Hope for a new normal. These spending initiatives aren't just about saving money day-to-day. Ultimately, Biden says his plan is to help get Americans back to work and kids safely back in school (full-time and IRL) – two keys to reaching a full economic recovery. One analysis of a Census Bureau survey showed that stimulus checks really did help American families cope with food insecurity, financial instability, and mental health.
If you're curious whether taxes will go up…
Know it's a possibility. Raising taxes is one way the gov pays for its new projects. And Biden has proposed increasing taxes to cover his spending plans. But he says he's focusing on collecting revenue from corporations and the wealthiest Americans. Example: the American Families Plan would raise the top marginal tax rate from 37% to 39.6%. And the infrastructure plan calls for bumping the top corporate tax rate from 21% to 28%, though there have also been discussions about imposing a minimum tax rate on large corporations instead.
Minimize your own tax bill. Even if you're not in that top tax bracket (or a corporation), you may see your taxes go up if the tax cuts enacted in 2017 expire in 2025 as scheduled. No matter what happens with the tax code, claiming all the tax credits and deductions you're eligible for is a smart move.
If you're worried about picking up the tab in other ways…
Budget for rising prices. One potential downside of more gov spending: inflation. That's the gradual increase in the cost of everyday items and the decrease in your money's purchasing power. Because when the gov circulates more money, your dollars lose value. Also, if corporations pay higher taxes, they could offset those costs by raising prices. Look at all your regular monthly expenses to see what you can live without or downgrade. And look for more affordable alternatives to the everyday purchases you can't live without.
Invest more for retirement. Another possible negative to increased spending: a bigger federal budget deficit, which can be a drag on the economy over the long term. When the gov tries to mind the gap between what it forks out vs. what it brings in, it could mean cutbacks on certain public programs like Social Security. Making it even more important to DIY a plan for retirement and save as much as you can for your post 9-to-5 life. Step one: figure out how much you'll need. Step two: start investing.
Are there other budget proposals in the mix?

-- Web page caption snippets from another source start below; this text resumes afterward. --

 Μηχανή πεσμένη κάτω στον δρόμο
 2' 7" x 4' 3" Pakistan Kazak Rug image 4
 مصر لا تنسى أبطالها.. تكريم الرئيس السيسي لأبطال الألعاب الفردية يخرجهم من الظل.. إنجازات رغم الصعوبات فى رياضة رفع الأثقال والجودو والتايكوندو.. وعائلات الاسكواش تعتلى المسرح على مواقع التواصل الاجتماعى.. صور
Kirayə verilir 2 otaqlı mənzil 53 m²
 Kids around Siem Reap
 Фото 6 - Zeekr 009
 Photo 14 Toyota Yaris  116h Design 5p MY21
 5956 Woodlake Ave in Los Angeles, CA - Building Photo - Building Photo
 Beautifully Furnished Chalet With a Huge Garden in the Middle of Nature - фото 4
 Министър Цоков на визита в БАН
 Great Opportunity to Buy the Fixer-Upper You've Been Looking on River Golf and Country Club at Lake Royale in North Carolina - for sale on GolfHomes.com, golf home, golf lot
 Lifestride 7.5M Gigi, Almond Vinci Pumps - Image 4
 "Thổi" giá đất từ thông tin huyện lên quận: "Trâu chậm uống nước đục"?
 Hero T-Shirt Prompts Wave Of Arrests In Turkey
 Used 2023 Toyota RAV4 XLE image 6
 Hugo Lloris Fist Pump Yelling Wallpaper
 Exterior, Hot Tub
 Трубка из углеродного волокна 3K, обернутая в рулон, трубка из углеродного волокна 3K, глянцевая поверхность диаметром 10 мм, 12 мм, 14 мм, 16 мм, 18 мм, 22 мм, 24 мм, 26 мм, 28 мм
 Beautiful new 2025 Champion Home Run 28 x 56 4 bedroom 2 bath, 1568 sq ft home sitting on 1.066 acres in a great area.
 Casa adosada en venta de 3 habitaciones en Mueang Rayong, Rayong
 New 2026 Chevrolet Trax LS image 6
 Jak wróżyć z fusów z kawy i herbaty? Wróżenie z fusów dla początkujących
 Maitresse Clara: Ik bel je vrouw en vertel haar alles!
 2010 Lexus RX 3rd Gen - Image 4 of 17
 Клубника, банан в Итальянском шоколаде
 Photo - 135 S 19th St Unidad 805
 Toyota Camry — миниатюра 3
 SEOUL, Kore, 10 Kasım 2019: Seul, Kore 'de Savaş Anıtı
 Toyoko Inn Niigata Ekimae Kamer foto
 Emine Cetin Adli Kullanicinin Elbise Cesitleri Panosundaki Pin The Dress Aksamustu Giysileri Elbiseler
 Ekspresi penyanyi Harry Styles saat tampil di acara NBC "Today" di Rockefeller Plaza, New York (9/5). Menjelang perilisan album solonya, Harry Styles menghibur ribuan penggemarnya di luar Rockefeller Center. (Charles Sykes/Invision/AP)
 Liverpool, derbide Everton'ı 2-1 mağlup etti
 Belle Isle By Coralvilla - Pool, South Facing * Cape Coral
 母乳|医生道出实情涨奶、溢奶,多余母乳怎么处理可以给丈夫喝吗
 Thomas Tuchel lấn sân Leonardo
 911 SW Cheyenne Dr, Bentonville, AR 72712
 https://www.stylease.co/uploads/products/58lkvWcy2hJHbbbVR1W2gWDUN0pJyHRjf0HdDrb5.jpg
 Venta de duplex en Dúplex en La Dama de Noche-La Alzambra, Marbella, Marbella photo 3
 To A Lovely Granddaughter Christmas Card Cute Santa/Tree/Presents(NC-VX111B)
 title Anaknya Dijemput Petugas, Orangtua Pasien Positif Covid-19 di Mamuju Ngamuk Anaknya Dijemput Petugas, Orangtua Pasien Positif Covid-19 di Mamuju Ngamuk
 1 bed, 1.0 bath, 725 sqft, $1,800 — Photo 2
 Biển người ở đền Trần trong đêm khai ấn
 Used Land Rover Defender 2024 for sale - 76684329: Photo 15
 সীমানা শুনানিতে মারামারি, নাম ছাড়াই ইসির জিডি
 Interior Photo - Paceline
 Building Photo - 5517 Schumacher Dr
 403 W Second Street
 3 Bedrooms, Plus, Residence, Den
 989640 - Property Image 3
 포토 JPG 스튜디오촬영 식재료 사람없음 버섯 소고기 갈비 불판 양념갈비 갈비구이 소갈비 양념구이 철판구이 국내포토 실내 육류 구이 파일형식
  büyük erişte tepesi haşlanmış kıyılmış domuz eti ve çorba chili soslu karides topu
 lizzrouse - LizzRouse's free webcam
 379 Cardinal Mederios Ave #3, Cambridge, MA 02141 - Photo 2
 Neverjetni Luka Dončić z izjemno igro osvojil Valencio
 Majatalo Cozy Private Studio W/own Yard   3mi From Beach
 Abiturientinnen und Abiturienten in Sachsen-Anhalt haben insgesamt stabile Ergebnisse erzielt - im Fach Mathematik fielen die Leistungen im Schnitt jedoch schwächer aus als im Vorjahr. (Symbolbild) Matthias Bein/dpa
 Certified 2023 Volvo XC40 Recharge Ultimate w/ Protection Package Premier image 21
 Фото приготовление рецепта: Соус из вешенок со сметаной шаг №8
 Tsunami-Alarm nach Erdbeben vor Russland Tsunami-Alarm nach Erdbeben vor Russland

In progress. The proposed White House budget is considered a starting point for negotiations. The GOP has criticized Biden's plan for being too costly and says it'll bring the US to dangerous levels of debt, which can leave the nation vulnerable in case of an emergency. And will bring about higher inflation and taxes, which they argue can be especially harmful for the overall economy.
ICYMI, the US gov's been making it rain and wants to keep the spending party going. (Whether it'll bring on the economic growth they're hoping for is still TBD, experts say.) You can't control what the gov does with its money, but you can be smarter with yours. By saving where you can and preparing for the future, you can be ready for whatever happens when Uncle Sam changes up his spending habits.